*About this exercise:*
Look below for the line holding "Destroy Boots (Spain) - Picture 6 of 11" and the line holding "Mia Linea Plus". Repeat those two and everything between, exactly.

*Dataset records:*
==============================

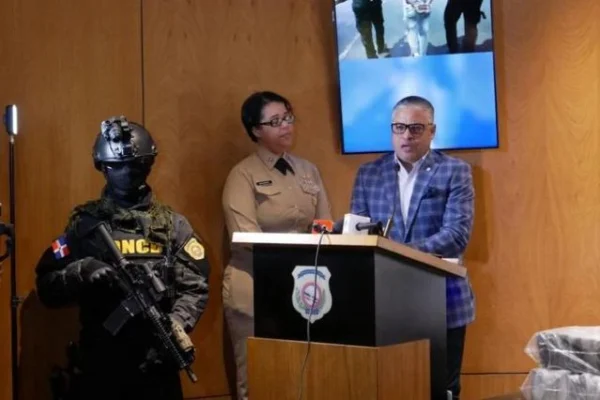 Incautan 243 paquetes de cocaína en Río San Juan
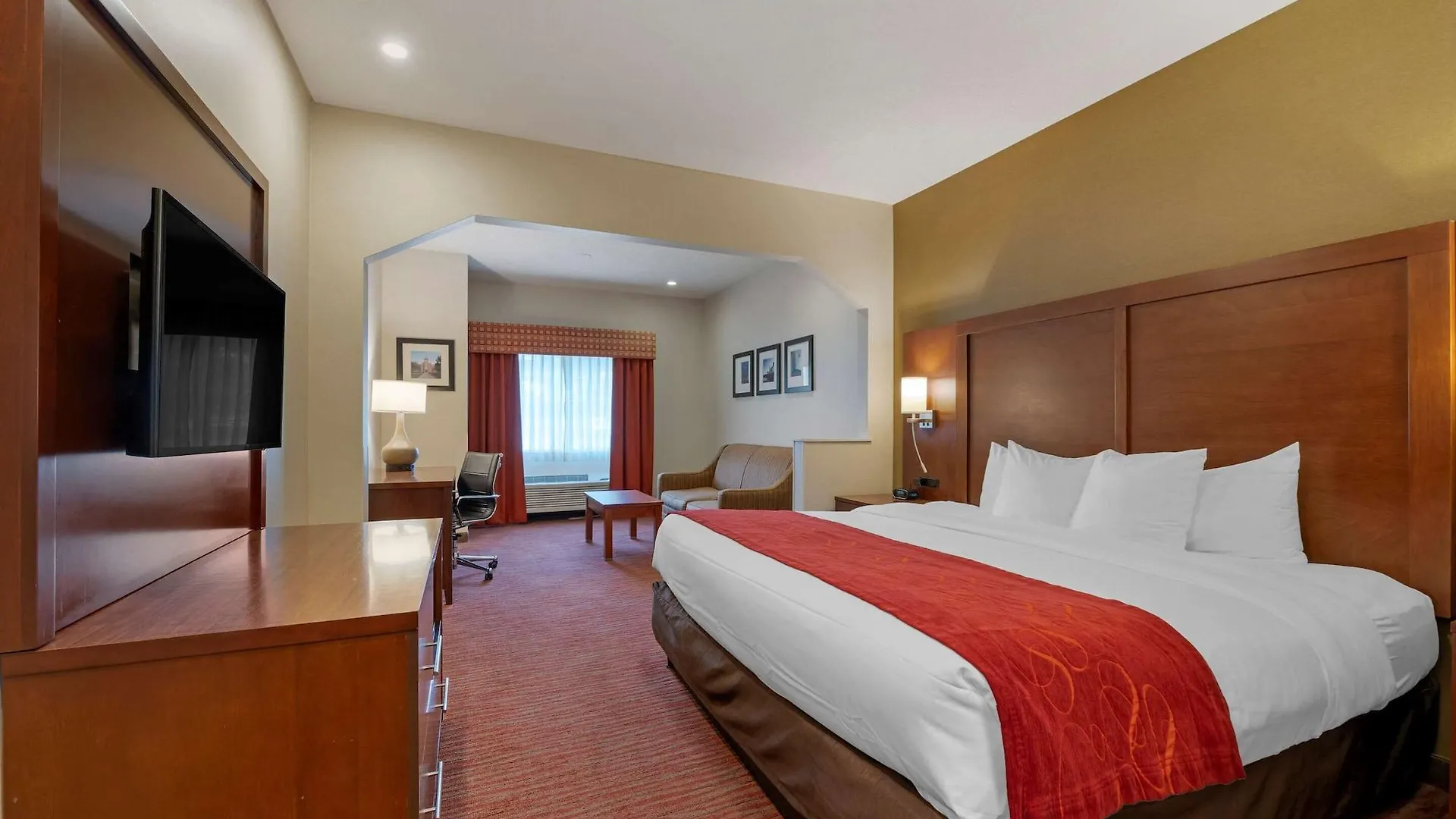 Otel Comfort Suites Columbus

==============================

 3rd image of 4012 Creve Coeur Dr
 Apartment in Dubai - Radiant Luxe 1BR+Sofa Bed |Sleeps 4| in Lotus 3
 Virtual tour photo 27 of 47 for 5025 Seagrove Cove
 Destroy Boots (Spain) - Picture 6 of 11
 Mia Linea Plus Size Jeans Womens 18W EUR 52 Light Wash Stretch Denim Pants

==============================

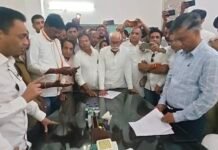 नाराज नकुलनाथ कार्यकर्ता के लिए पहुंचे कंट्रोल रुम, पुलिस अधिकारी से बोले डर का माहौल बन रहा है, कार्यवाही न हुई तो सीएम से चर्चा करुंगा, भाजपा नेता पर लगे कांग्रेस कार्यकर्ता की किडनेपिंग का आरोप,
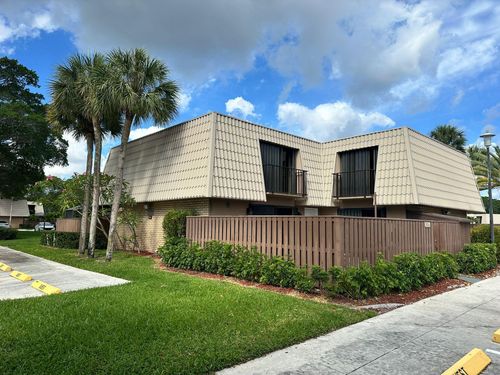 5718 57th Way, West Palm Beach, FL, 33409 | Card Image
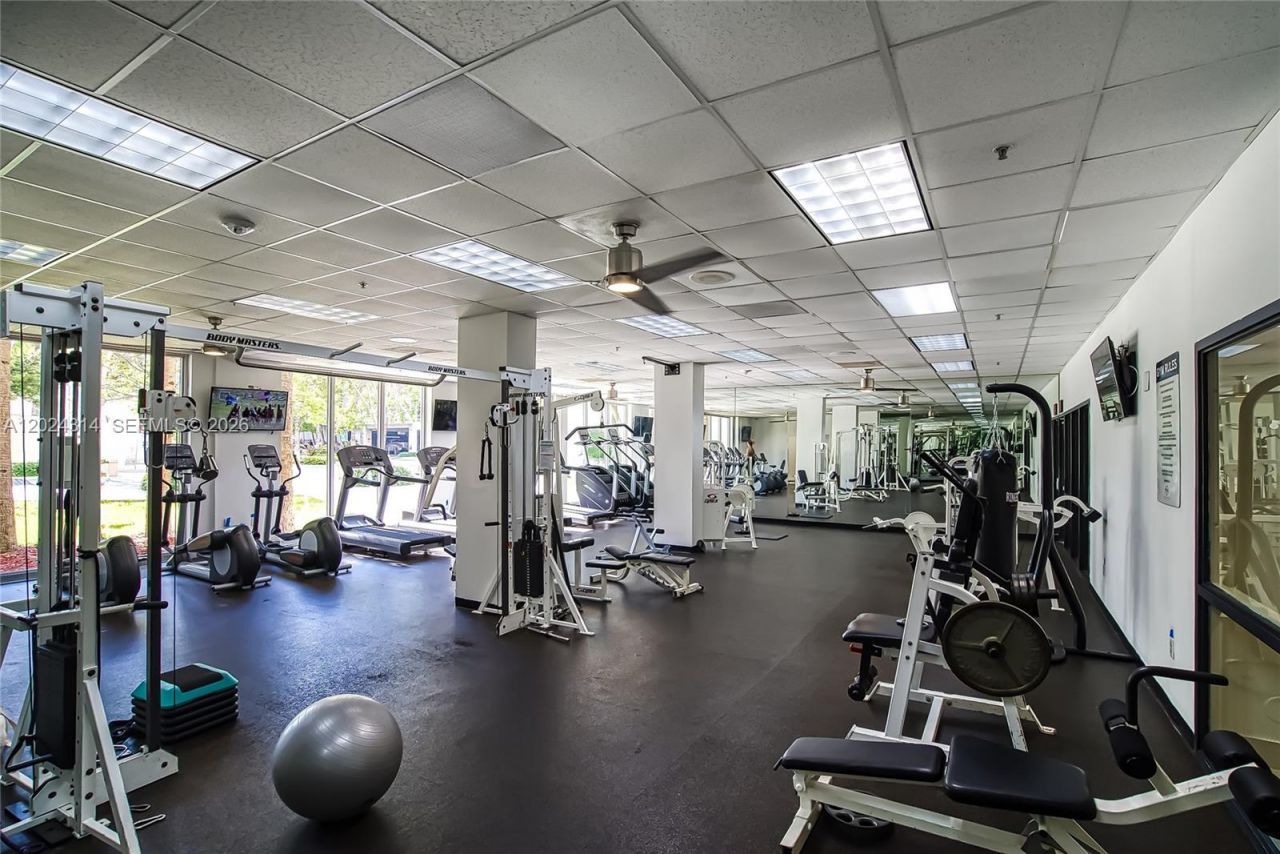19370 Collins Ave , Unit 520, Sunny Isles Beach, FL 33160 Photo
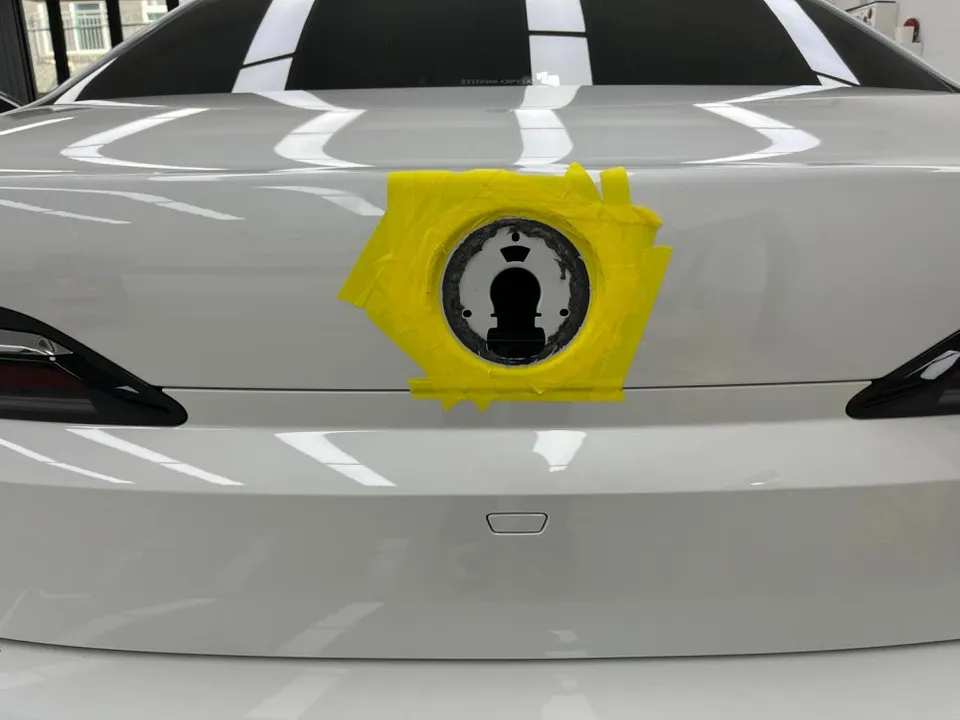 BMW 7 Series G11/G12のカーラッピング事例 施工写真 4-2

==============================

*Answer box:*
 Destroy Boots (Spain) - Picture 6 of 11
 Mia Linea Plus Size Jeans Womens 18W EUR 52 Light Wash Stretch Denim Pants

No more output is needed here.